A Filha do Caos não é aquele tipo de filme em busca de respostas satisfatórias para perguntas claramente formuladas. É preciso que o espectador fure certos bloqueios armados pelos anos de consumo confortável de um cinema narrativo mais palatável para acessar o âmago dessa narrativa cifrada que se apropria não apenas das lógicas do expressionismo, mas também de algumas caras ao teatro. Paralelamente às visões de Maria sendo consumida em angústia no apartamento – nisso (e em outras coisas) se assemelhando à personagem de Catherine Deneuve em Repulsa ao Sexo (1965) –, somos apresentados a trechos da encenação de Édipo Rei, especialmente com Édipo de olhos automutilados se movendo como se fosse uma prova viva das tragédias geradas por essas “maternidades não santificadas”. No entanto, o longa não está o tratando como um resultado moralista daquilo que destoa do cristianismo, mas enquanto uma manifestação da agonia sentida pela Maria atriz, a oprimida pelos dogmas. É como se os anos de formação católica gerassem à personagem de Bruna Spínola uma culpa personificada por esse agente do "pecado". Ainda que tudo aponte para uma radicalização do plano simbólico, às vezes até mesmo as alegorias ficam girando em falso por conta da repetição. Em determinados instantes, a produção se torna refém de sua obscuridade que acaba fechando algumas portas.

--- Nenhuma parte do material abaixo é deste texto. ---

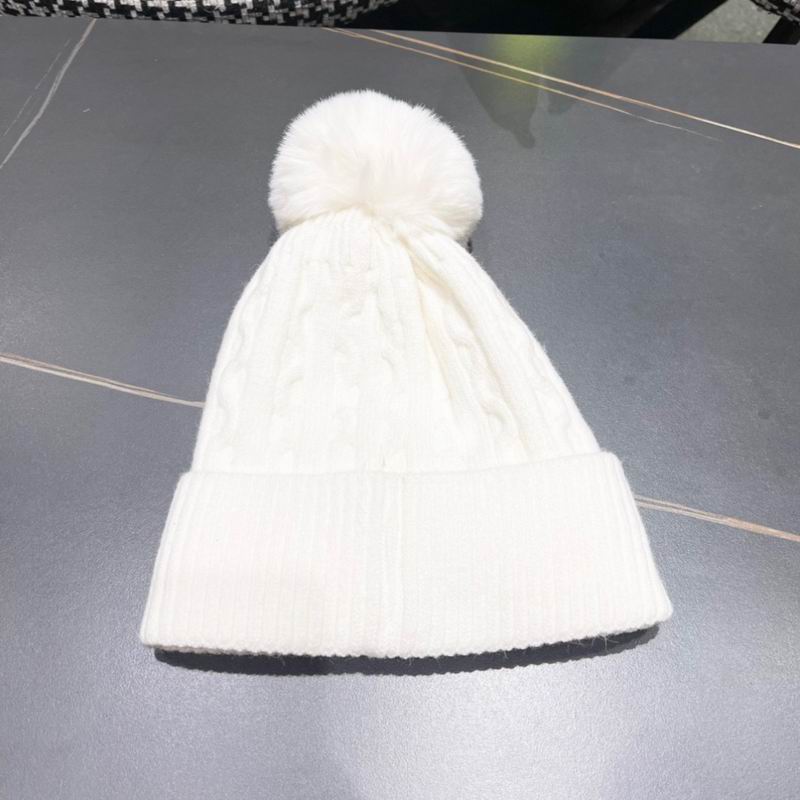 Moncler Hat (258)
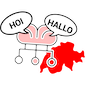 SwissCrawl logo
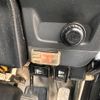 isuzu elf-truck 2005 CFJ1675594 image 24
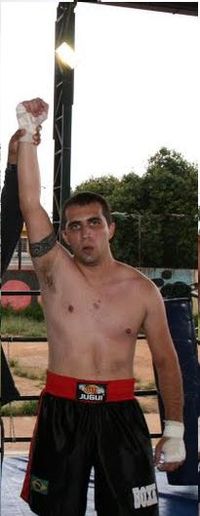 File:Cópia de boxe2.jpg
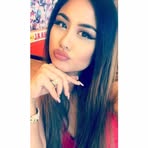 Profile Picture of Breanna Manwaring (@Breanna.Manwaring022) on Facebook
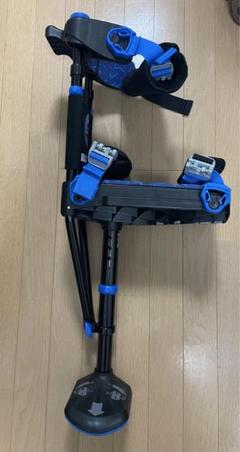 2025年最新】iwalk freeの人気アイテム - メルカリ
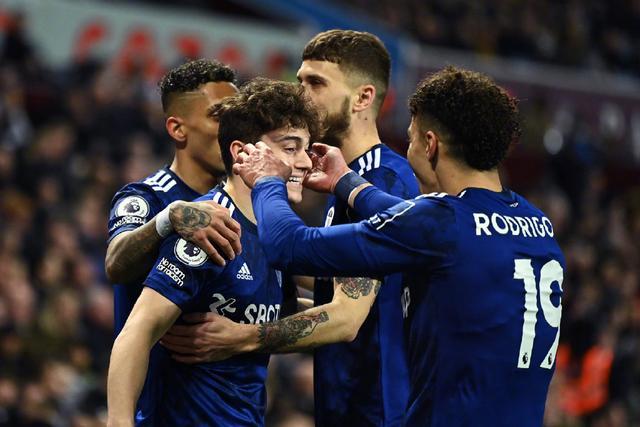 图片报：施洛特贝克对科瓦奇的比赛风格不满意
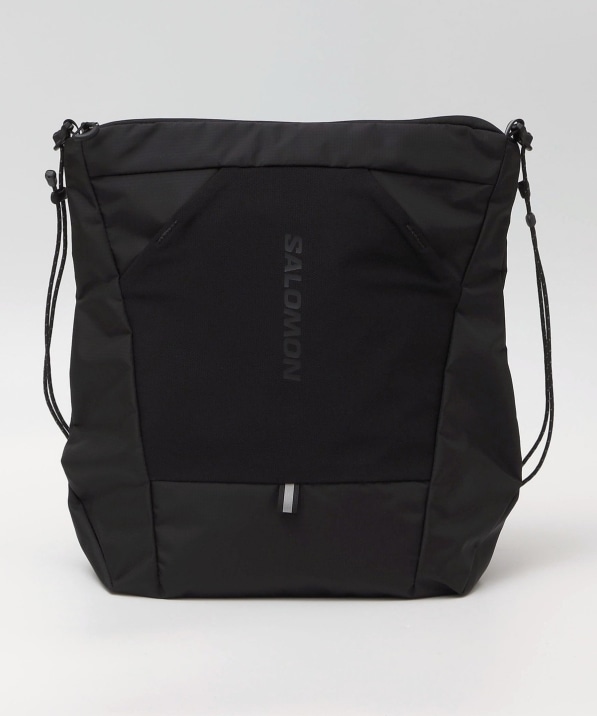 SALOMON: ACS PACKABLE TOTE BAG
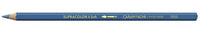 Caran D’Ache Supracolor 2 Soft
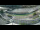 Webcam in Linz, 10.3 km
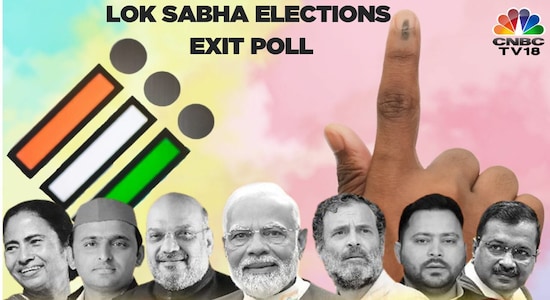 There are a total 9 Lok Sabha seats in Himachal Pradesh and Uttarakhand and BJP is expected to win all nine. The six seats in the union territories of Jammu and Kashmir, and Ladakh, are likely to be equally divided between NDA led by the BJP and the I.N.D.I. alliance led by the Congress. There are a total 9 Lok Sabha seats in Himachal Pradesh and Uttarakhand and BJP is expected to win all nine. The six seats in the union territories of Jammu and Kashmir, and Ladakh, are likely to be equally divided between NDA led by the BJP and the I.N.D.I. alliance led by the Congress.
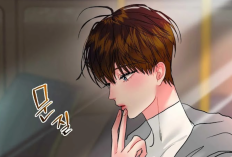 Leer el Manhwa BL Dulce de Menta (Peppermint Candy) Capítulo 22 en Español, Sentimientos de indecisión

Às vezes, o roteiro de A Filha do Caos aposta numa reiteração pouco produtiva – como nos encontros com a mulher em situação de rua que pode ser a Maria de Nazaré da atualidade. No entanto, mesmo que escorregue um pouco na falta de intensidade de determinadas passagens, o filme apresenta um percurso instigante em que a representação da angústia feminina se torna a grande e verdadeira protagonista. A atriz e coautora Bruna Spínola constrói de um modo febril essa mistura de culpa e dúvida que atravessa expressivamente a sua personagem. Maria é mais do que uma pessoa de carne e osso vivendo um martírio pessoal. Por conta da estética aplicada a essa trajetória de sofrimento íntimo, ela se torna um emblema dos pesos que recaem sobre as mulheres como as guardiãs da concepção da vida. Por isso não há uma investigação das singularidades. Maria se torna um corpo feminino atravessado por tantas crises derivadas desse embate entre figuras que representam ideias conflitantes de maternidade e, por conseguinte, do feminino. Entre a santa e a pecadora, Maria tem sua humanidade posta em xeque, como se vivenciasse o antagonismo de feminilidades possíveis. Pena que o filme não enfatize a potência dos espelhos e das máscaras ao embaralhar realidade, representação e delírio. Ainda assim, operando entre o cinematográfico e o teatral, ele lida com mitos, doutrinas e convenções.
Filme visto no Festival do Rio em outubro de 2022.